• _What needs to be done_: Please set down exactly the lines from the one that contains "Balcony Desktop Plant" through the end of the material, leaving out every picture.

• _Information supplied_:
▬▬▬▬▬▬▬▬▬▬

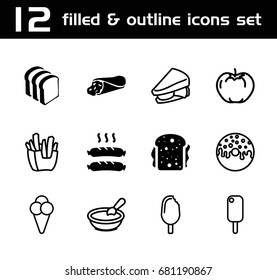 Snack icon. set of 12 snack filled and outline icons such as wrap sandwich, bread slices, sandwich, sausage, apple, porridge, french fries, donut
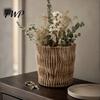 Balcony Desktop Plant Organizer Boho Wicker Planter, Handwoven Flower Pot with Waterproof Lining, Basket Planter Rustic Storage for Indoor Plants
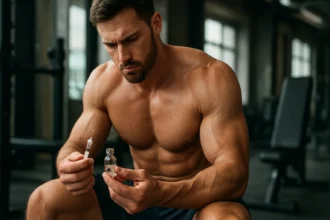 Muž so športovou postavou zvažujúci účinky propionátu v posilňovni.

▬▬▬▬▬▬▬▬▬▬

• _Answer space_:
 Balcony Desktop Plant Organizer Boho Wicker Planter, Handwoven Flower Pot with Waterproof Lining, Basket Planter Rustic Storage for Indoor Plants
 Muž so športovou postavou zvažujúci účinky propionátu v posilňovni.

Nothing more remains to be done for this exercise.